(Data shown begins)

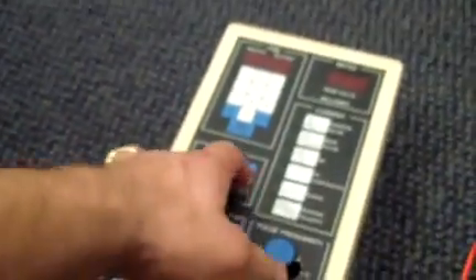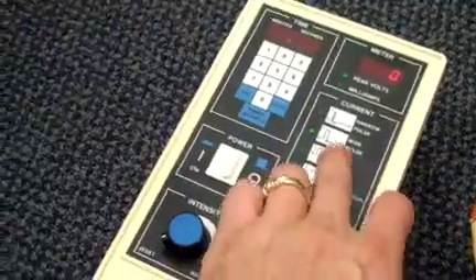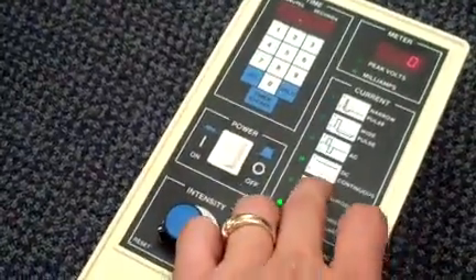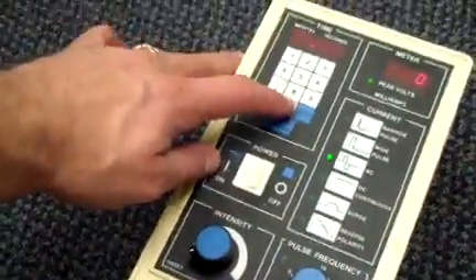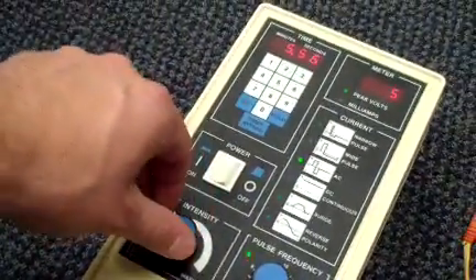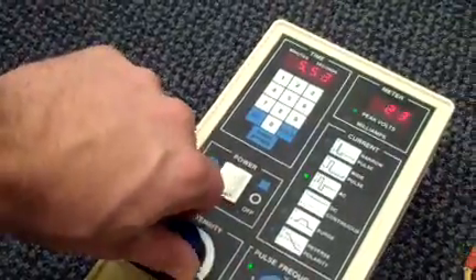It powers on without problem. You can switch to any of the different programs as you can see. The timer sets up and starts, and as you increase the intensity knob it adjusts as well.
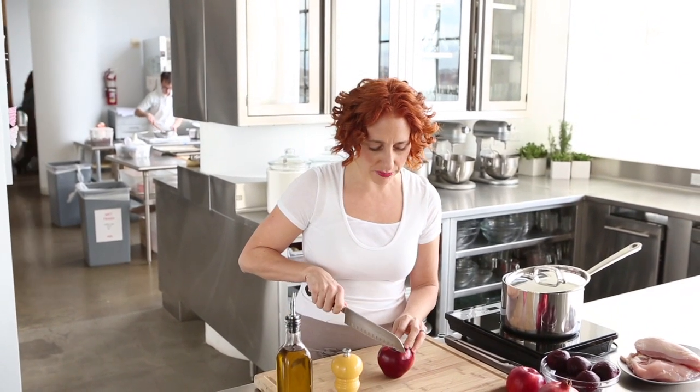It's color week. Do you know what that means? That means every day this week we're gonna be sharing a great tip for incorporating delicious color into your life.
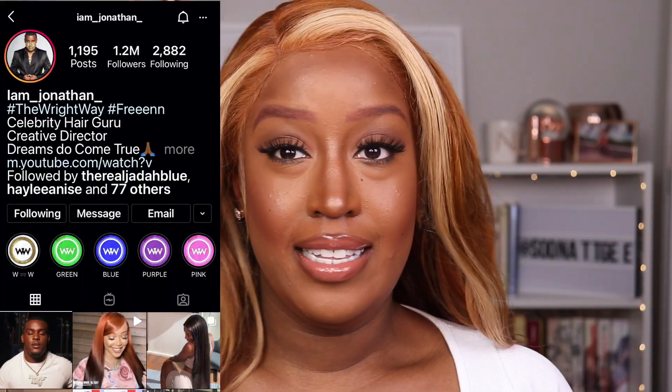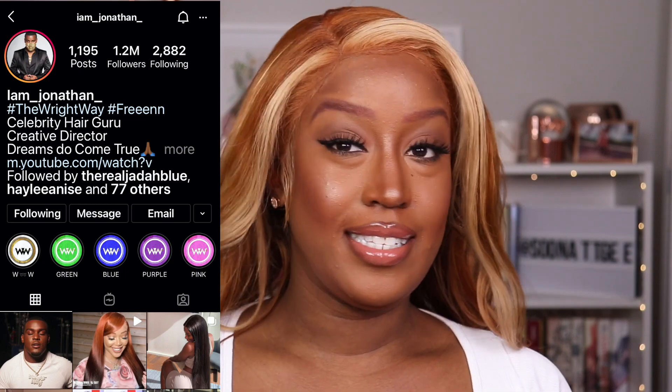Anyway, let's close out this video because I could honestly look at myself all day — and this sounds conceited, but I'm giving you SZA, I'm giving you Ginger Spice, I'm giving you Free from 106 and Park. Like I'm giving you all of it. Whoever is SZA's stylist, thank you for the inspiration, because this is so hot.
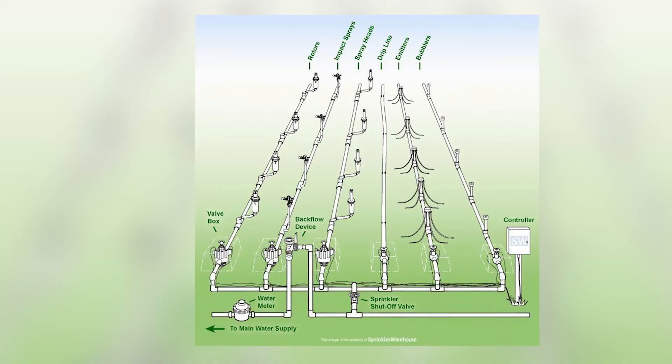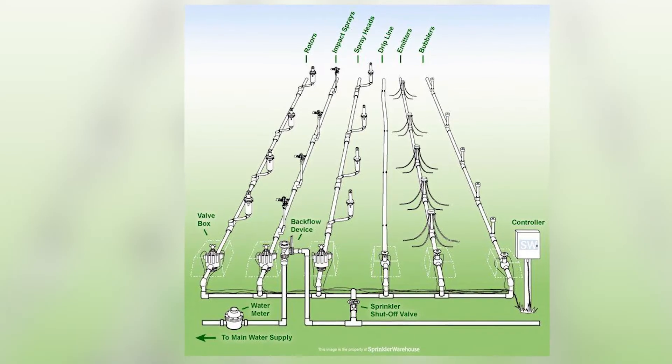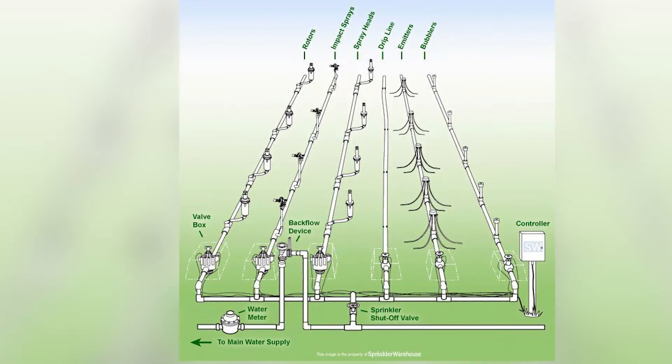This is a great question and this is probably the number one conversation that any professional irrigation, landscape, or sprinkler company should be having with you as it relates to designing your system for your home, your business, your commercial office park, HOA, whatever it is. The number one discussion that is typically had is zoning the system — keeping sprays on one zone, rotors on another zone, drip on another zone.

(Data shown ends)

What you will do: Pictures stay out; retype only the lines from the line containing "It's color week." through the end of the listing, inclusive, exactly as they appear.

Reply to the task:
It's color week. Do you know what that means? That means every day this week we're gonna be sharing a great tip for incorporating delicious color into your life.
Anyway, let's close out this video because I could honestly look at myself all day — and this sounds conceited, but I'm giving you SZA, I'm giving you Ginger Spice, I'm giving you Free from 106 and Park. Like I'm giving you all of it. Whoever is SZA's stylist, thank you for the inspiration, because this is so hot.
This is a great question and this is probably the number one conversation that any professional irrigation, landscape, or sprinkler company should be having with you as it relates to designing your system for your home, your business, your commercial office park, HOA, whatever it is. The number one discussion that is typically had is zoning the system — keeping sprays on one zone, rotors on another zone, drip on another zone.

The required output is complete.